▶ [Required work] Repeat the lines below exactly as they appear, but leave out the images.

▶ [Dataset content]
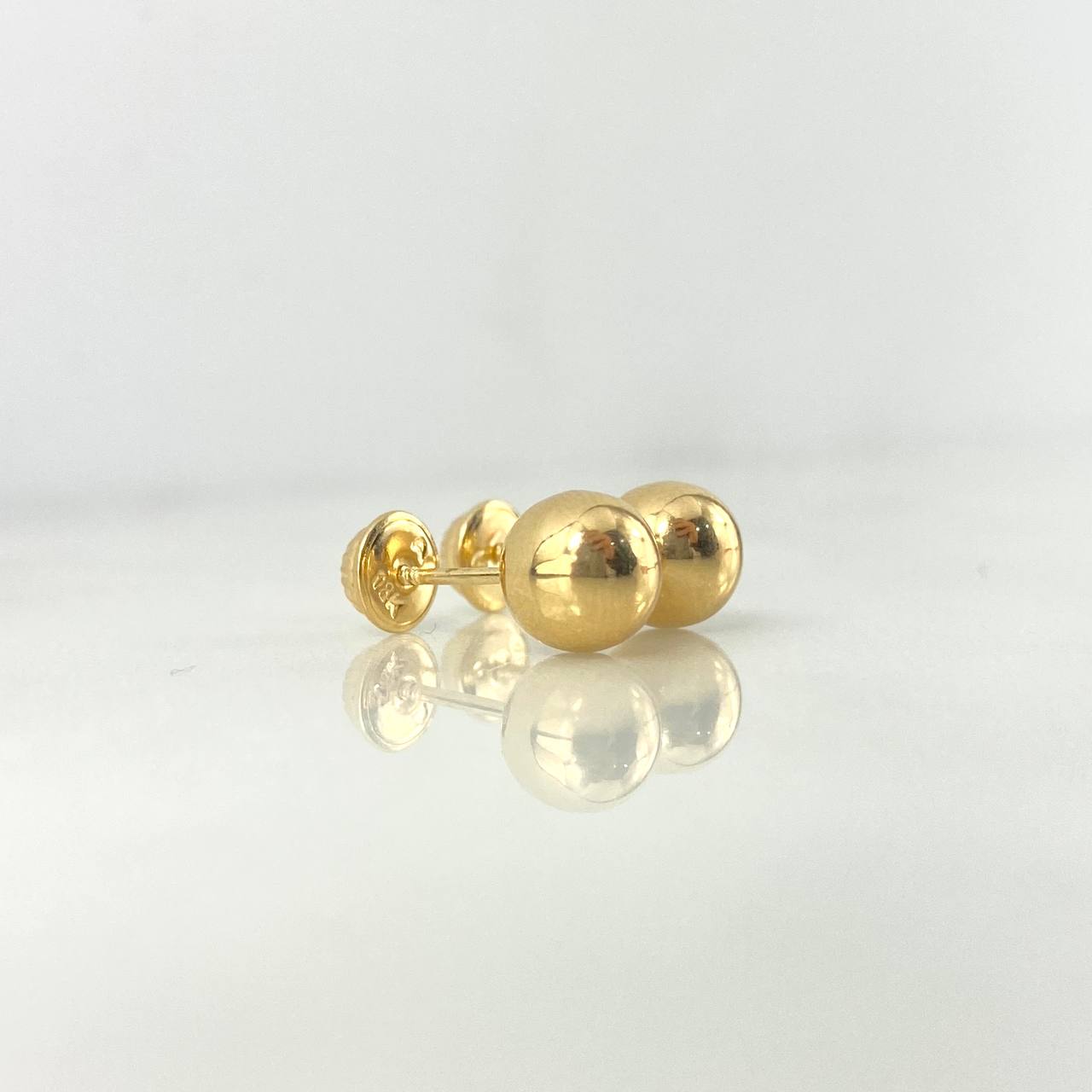 Topos Bola Lisa 0.9 g / in / 8 mm Oro Amarillo 18K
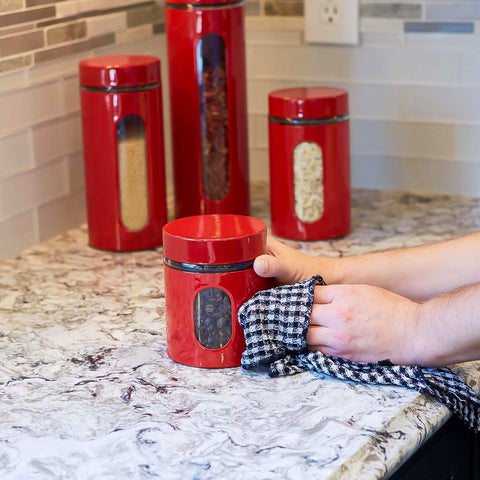 Le'raze red finish adds vibrant pantry accent on the counter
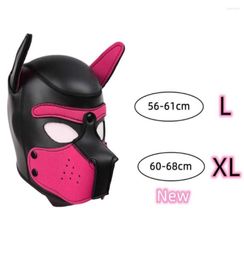 Party Masks XL Code Brand Increase Large Size Puppy Cosplay Padded Rubber Full Head Hood Mask With Ears For Men Women Dog Role Pla4263522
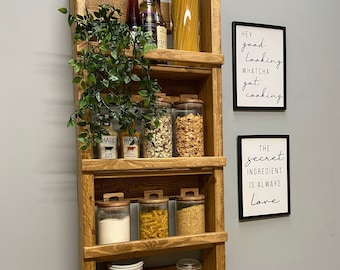 Handmade Rustic Wooden Floating Kitchen Unit | Kitchen rack | Wall Mounted | Kitchen Storage | Spice Shelf | Herb Rack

▶ [Answer to the exercise]
 Topos Bola Lisa 0.9 g / in / 8 mm Oro Amarillo 18K
 Le'raze red finish adds vibrant pantry accent on the counter
 Party Masks XL Code Brand Increase Large Size Puppy Cosplay Padded Rubber Full Head Hood Mask With Ears For Men Women Dog Role Pla4263522
 Handmade Rustic Wooden Floating Kitchen Unit | Kitchen rack | Wall Mounted | Kitchen Storage | Spice Shelf | Herb Rack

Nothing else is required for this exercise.